Mais il ne se retourna pas. Pas cette fois. Il quitta l'immeuble en essayant de chasser la boule dans sa gorge et ses pieds l'emmenèrent vers la station de métro la plus proche, celle qu'il prenait pour aller jusqu'à l'hôpital. Il envoya un message à Sarah pour la prévenir qu'il serait un peu en retard et en reçut un au cours de sa rédaction. Voyant qui était le destinataire il l'ignora et rangea le portable au fond de sa poche, sa main crispée autour, ses yeux perdus dans la contemplation du sol sale et boueux du wagon.
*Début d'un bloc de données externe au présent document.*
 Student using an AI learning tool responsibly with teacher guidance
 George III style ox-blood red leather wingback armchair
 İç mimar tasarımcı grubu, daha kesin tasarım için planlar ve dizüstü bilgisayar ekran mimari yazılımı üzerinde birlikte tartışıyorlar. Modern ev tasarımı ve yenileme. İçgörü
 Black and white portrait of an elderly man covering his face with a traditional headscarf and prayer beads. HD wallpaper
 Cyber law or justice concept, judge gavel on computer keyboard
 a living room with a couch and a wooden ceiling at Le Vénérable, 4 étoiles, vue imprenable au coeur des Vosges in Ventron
Le sentiment de lassitude aiguë ne le lâcha pas de la journée. Il se força à sourire à chaque visite, se concentra au maximum sur chaque récit, chaque plainte, et administra les ordonnances avec un sérieux qui lui donna un bon mal de crâne. Il ne mangea pas le midi, rattrapant son retard dessus, et ne mâchouilla qu'une barre de céréales entre deux consultations.

Il n'aurait jamais cru que le peu de réaction de la part de Sherlock l'ait marqué à ce point. Il connaissait bien, pourtant, son colocataire... Du moins pensait-il bien le connaître. Cela ne faisait que huit mois qu'ils vivaient ensemble et le comportement du détective arrivait encore à l'ébranler. John se passa une main sur le visage, fit entrer une vieille dame de soixante-douze ans pour lui refaire la même liste de médicaments à aller acheter à la pharmacie du coin. Je pense le connaître, c'est vrai... Mais je ne suis pas encore habitué, pensa le médecin après un dernier sourire envers madame Abbits. Il la regarda partir et jeta un coup d'œil à l'horloge murale. Dix-sept heures dix. Il avait même dépassé son horaire de fin de journée.
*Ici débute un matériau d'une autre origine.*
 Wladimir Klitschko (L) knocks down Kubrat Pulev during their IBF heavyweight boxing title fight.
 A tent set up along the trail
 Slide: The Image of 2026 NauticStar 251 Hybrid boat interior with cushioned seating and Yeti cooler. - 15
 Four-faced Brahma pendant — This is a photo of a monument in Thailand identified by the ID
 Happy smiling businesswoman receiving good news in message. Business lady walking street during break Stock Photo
Il se leva avec lenteur, mit son manteau et enfonça sa main pour toucher le portable au fond de sa poche.

Il était froid.

Quand Sherlock le lui avait lancé au travers de l'appartement, il était encore tout chaud.

John poussa un profond soupir, quitta le cabinet, salua la standardiste qui lui rendit son sourire et croisa Sarah à l'entrée de l'établissement.

-Bonsoir John ! Comment vas-tu ?

-Un peu fatigué, dit-il en lui souriant doucement. Et toi ?

-Je vais bien. Il y a encore eu du monde, aujourd'hui... Et ça ne va pas s'arrêter avec l'automne qui arrive, soupira-t-elle en regardant le ciel avec une pointe de bonne humeur dans la voix.

Sarah aimait son travail. Tout comme John. La fatigue de la fin de journée n'était rien comparée au bonheur d'aider des gens à aller mieux.

Il lui proposa de prendre un café. Elle refusa poliment, disant qu'elle devait aller voir un membre de la famille qui ne se sentait pas très bien.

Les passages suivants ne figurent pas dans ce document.